Elle se laissa conduire dans la maison, et pansa son pied malade, plutôt pour faire honneur à la bonté de la dame que par souci d’elle-même. Henriette plaça ensuite devant elle les restes de son frugal dîner dont elle mangea sobrement. Comme l’étrangère témoignait le désir de continuer sa route, Henriette la pria, avant de partir, de sécher ses vêtements devant le feu : ce fut encore plutôt pour reconnaître la bonté de la dame que par intérêt pour sa propre personne qu’elle s’assit devant la cheminée. Elle détacha le mouchoir qu’elle avait sur la tête : ses épais cheveux noirs, mouillés par la pluie, tombèrent sur ses épaules, et tout en regardant la flamme, elle les pressa dans ses mains, pour les sécher.

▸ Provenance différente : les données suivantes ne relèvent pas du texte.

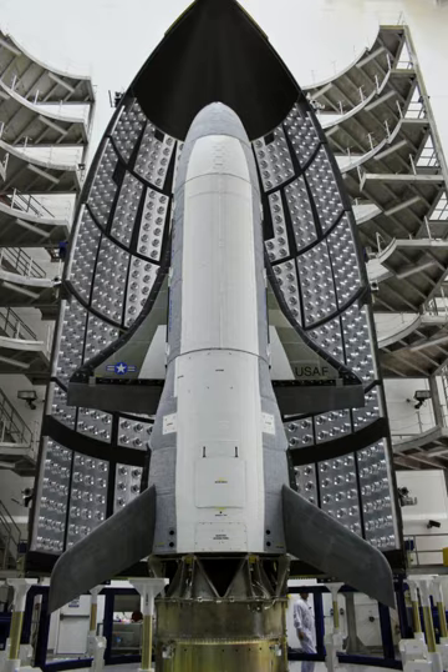The X-37 is the smallest and lightest orbital spaceplane flown to date. It has a launch mass of around 11,000 lb and is approximately one quarter of the size of the Space Shuttle orbiter. In 2013, Guinness World Records recognized the X-37 as the world's smallest orbital spaceplane. On 13 April 2015, the Space Foundation awarded the X-37 team with the 2015 Space Achievement Award for significantly advancing the state-of-the-art for reusable spacecraft and on-orbit operations, with the design, development, test and orbital operation of the X-37B spaceflight vehicle over three missions totalling 1,367 days in space.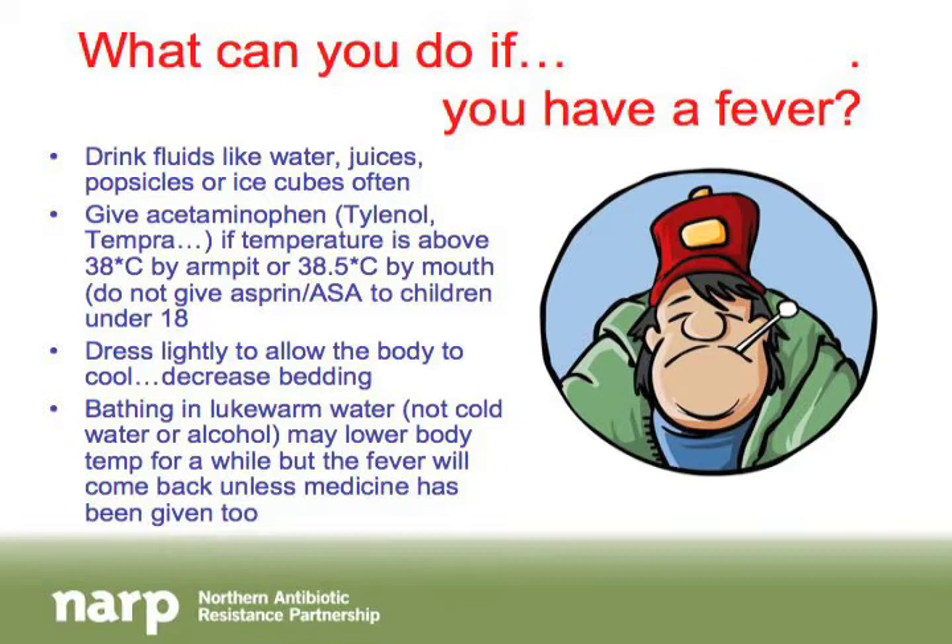Another thing you can do for a fever is dress lightly so your body can cool down. For sick people in bed, decrease the amount of bedding. In the past, people thought piling on bedding would break the fever, but this is dangerous — it increases temperature even higher, which can cause serious health problems. If someone is in thick pajamas, put them in something lighter.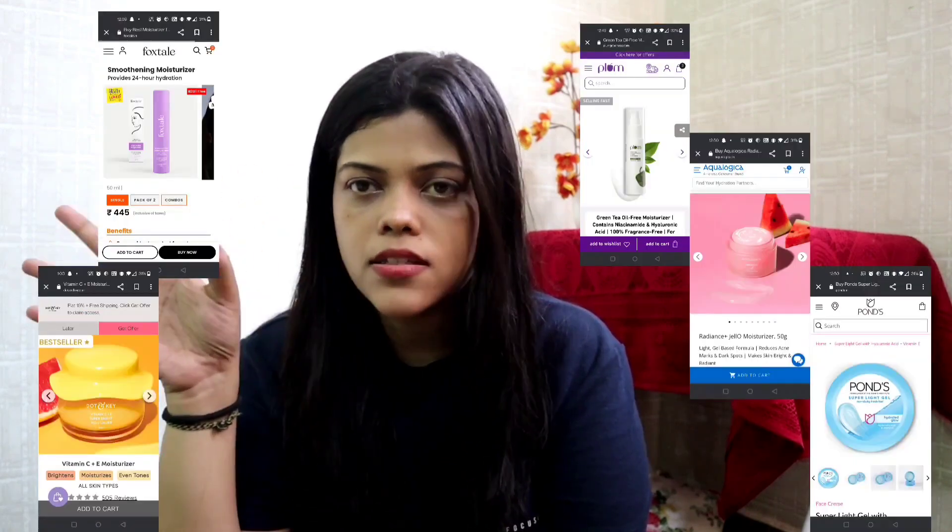Hi guys, welcome back to my YouTube channel. In today's video, I'm going to rate the moisturizers which have created a lot of hype in the market these days. I have been using them for quite some time. I'm going to rate them on a scale of 10. This video is not sponsored by any of these brands — it is based on my personal experience. So without wasting much time, let's get started.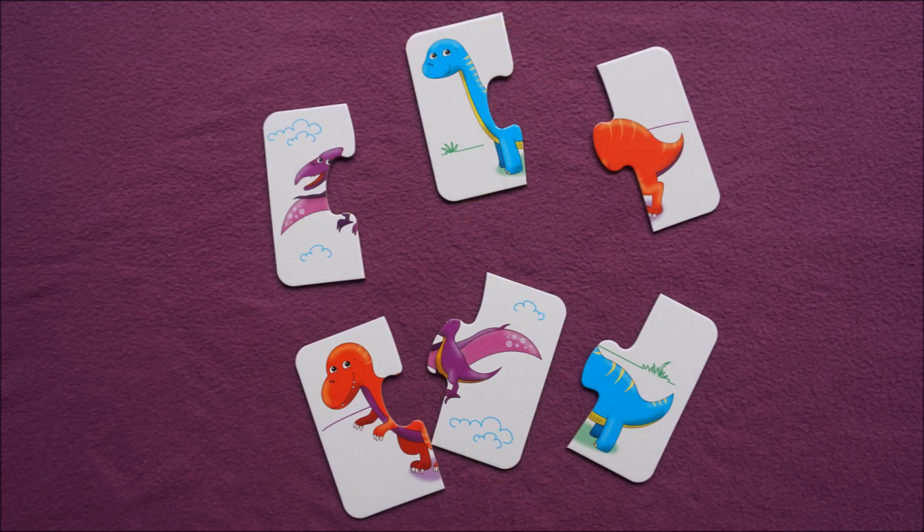What color matches do we have in this set? Purple. Blue. Red.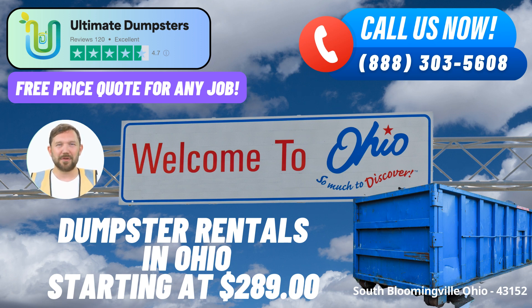2. Comprehensive Services: Whether you're undertaking a home renovation, dealing with yard waste, or managing construction debris, we have the ideal solution for you. Our range of services includes junk removal, roll-off dumpsters, construction dumpsters, trash containers, and debris disposal, ensuring that all your waste needs are met efficiently.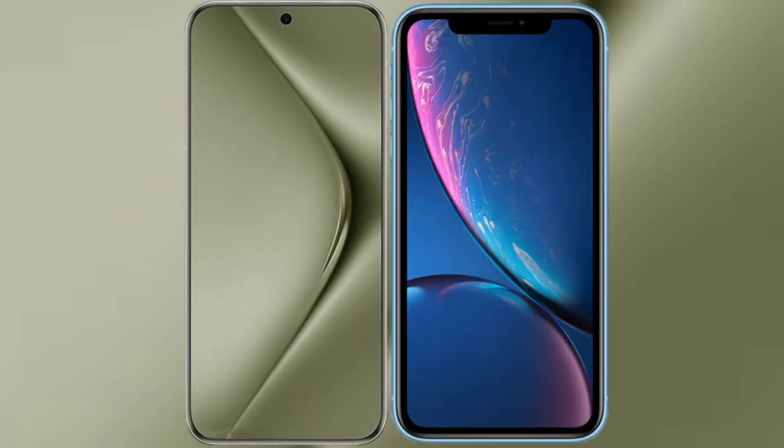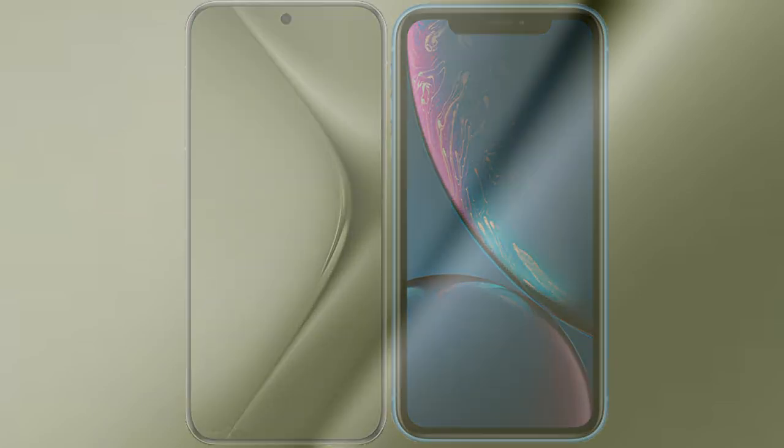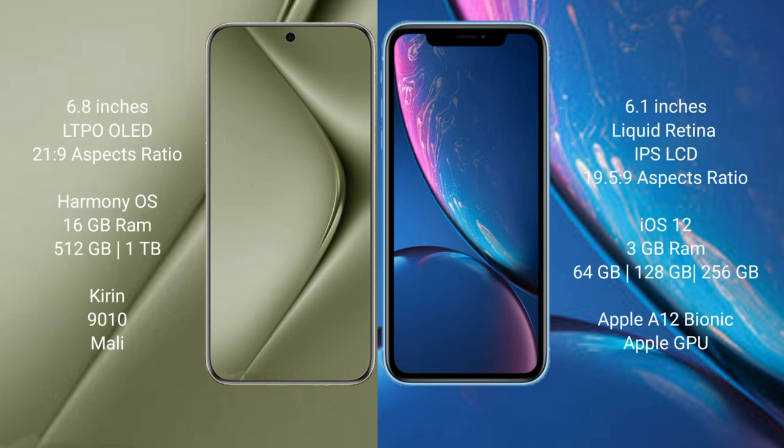I will compare the new Huawei Pura 70 Ultra with iPhone XR. Huawei Pura 70 Ultra comes with a 6.8 inch LTPO OLED display and aspect ratio of 21:9. iPhone XR comes with a 6.1 inch Liquid Retina IPS LCD and aspect ratio of 19.5:9.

« Je suis sûre que vous vous dites, fit-elle en levant tout à coup la tête, que j’ai dû être belle autrefois. Je crois l’avoir été. Je sais que je l’ai été. Regardez ! » Elle releva ses cheveux, d’un air farouche, avec ses deux mains ; on eût dit qu’elle allait les arracher, mais elle les laissa retomber, les rejetant en arrière, comme autant de serpents qui lui faisaient horreur.

« Vous êtes peut-être étrangère dans ce pays ? demanda Henriette.

— Étrangère ! répondit-elle s’arrêtant entre chaque parole et regardant le feu. Oui, voilà dix ou douze ans, que j’y suis étrangère. Je n’avais pas d’almanach où j’étais ; ce doit être dix ou douze ans. Je ne reconnais plus ce pays. C’est bien changé, depuis que je suis partie.